December 23, 2016

ROCK OPERA:

The Art of Letting Go : MLB's code is clear: Flip your bat and you'll pay. But in South Korea, flips are an art. How does this alternate world exist? And what does it say about us? (Writer Mina Kimes trekked across South Korea with illustrator Mickey Duzyj to unravel the mystery, ESPN the Magazine)

As Major League Baseball struggles to overcome its staid image and lure younger fans -- according to Nielsen, most of the sport's TV viewers are over 50 -- the simple bat flip has come to symbolize the culture war being waged within its ranks. It's a conflict between those who believe the game should embrace the traditions of other countries and flashier elements of other sports, and those who, as Bautista wrote in The Players' Tribune, are "old-school, my-way-or-the-highway type of people who never want the game to evolve."

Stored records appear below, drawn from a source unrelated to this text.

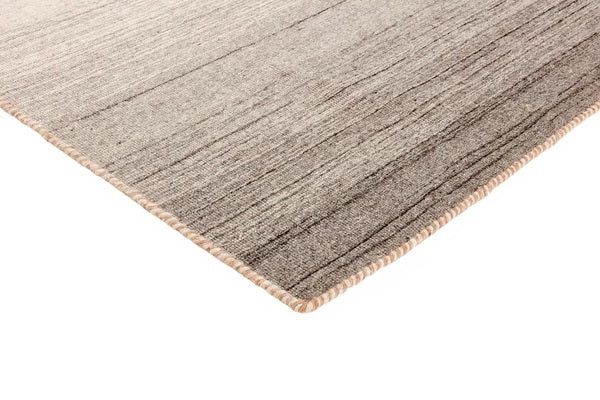 Vloerkleed Momo Rugs Panorama Kelim Naturel 170x240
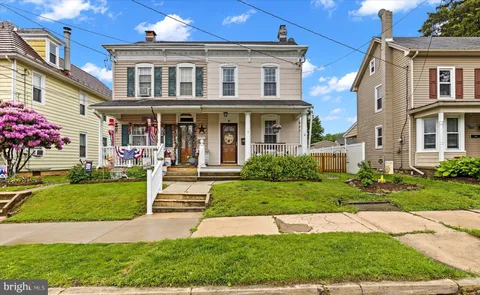 MLS: PABK2057788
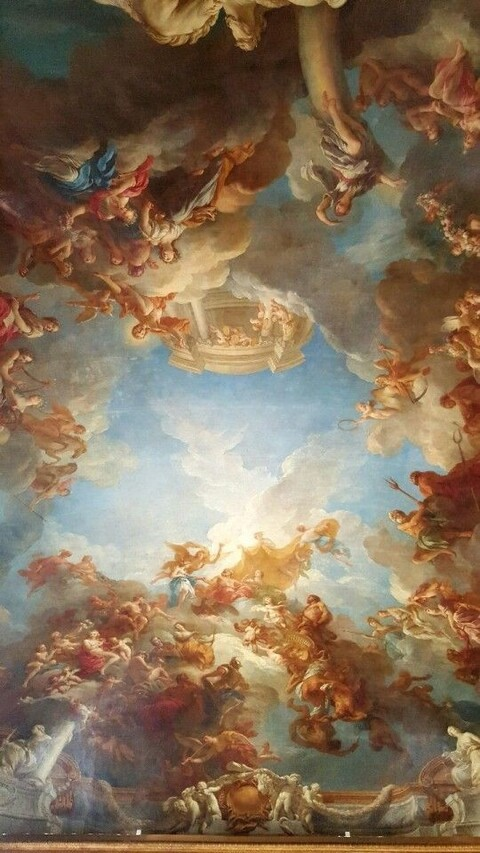 SOL @k200718 cover picture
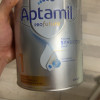 有效期到25年11月-3罐装 | Aptamil 澳洲爱他美 白金版 (土豪金)1段婴幼儿配方奶粉(0-6个月)900g晒单图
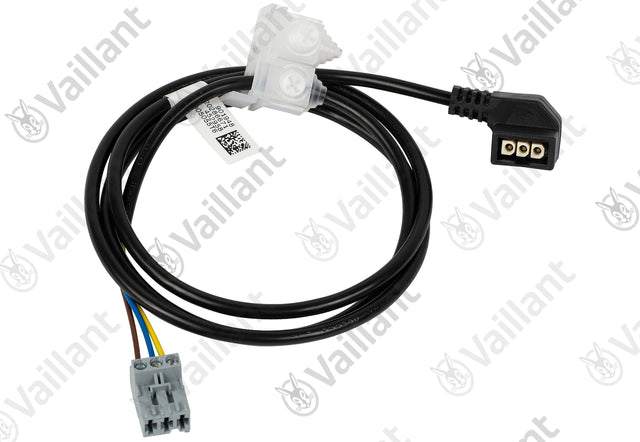 Vaillant Ersatzteil Kabel für VSC S 126+196/2-C 180/200, VSC S 126+196/3-5 180/200 R2+3 u. a. | Art.-Nr. 0010032767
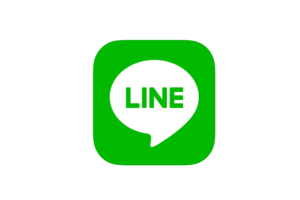 自分の Line Id の調べ方 作り方 Id検索のやり方 設定方法 スマホサポートライン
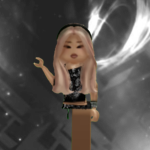 Jade UGC'S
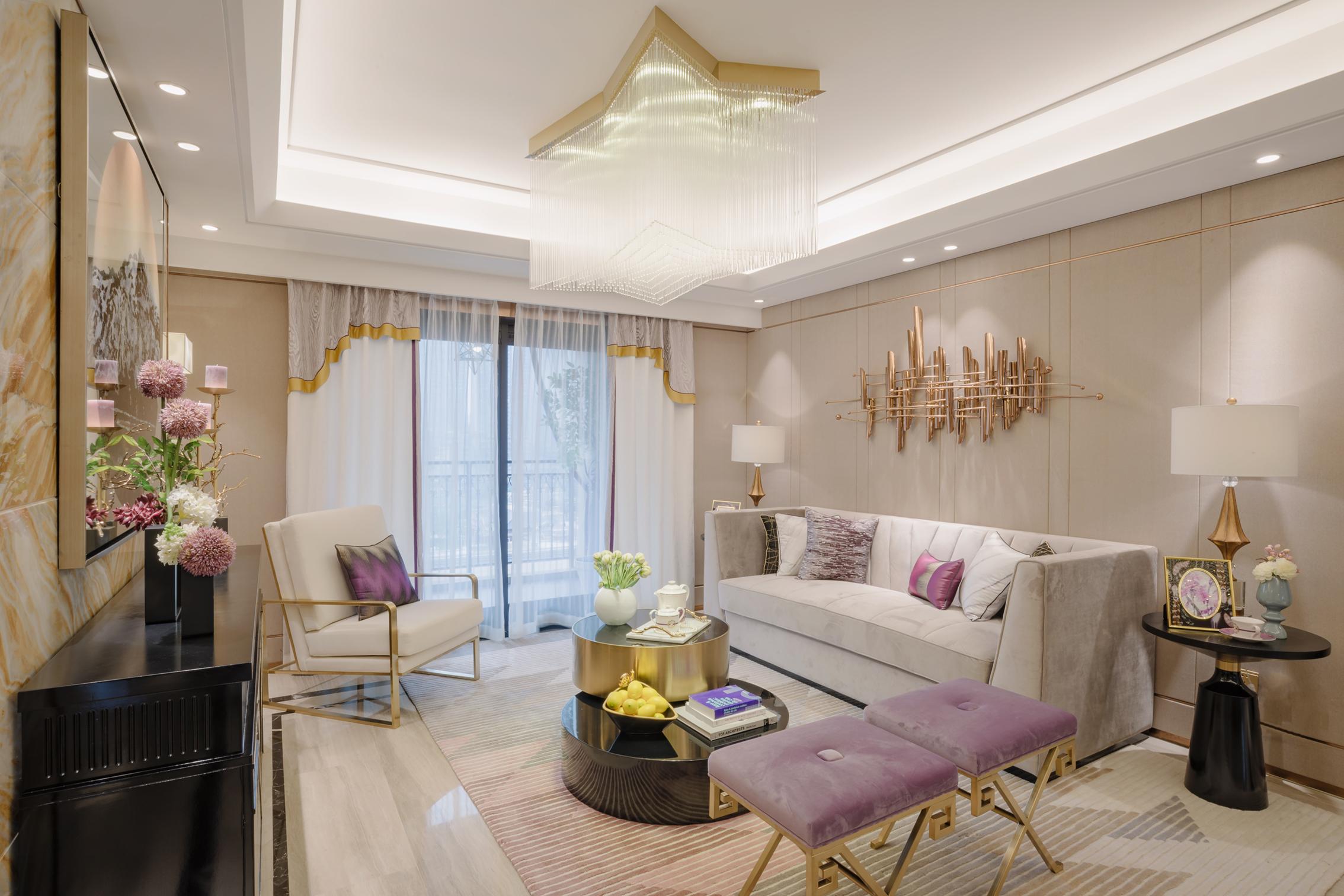 业主装修如何选择装修公司,95后业主装修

Meanwhile, in the Korea Baseball Organization, bat flips aren't just permitted -- they're embraced. "A bat flip isn't disrespectful here in Korea, which is a very formal, respectful country," says Dan Kurtz, a Korean-American who started mykbo.net in 2002 as a message board for English-speaking fans. "A guy flips and the pitchers don't do anything about it. It's just part of the game." Kurtz explains that bat flips, which are called ppa dun in Korea -- a term that combines the words for "bat" and "throw" -- are ubiquitous in the KBO. But he isn't sure how that happened. "People ask me, 'Why can't we do this in Major League Baseball?'" he says. "I want to know: Where in Korea did it originate and why?"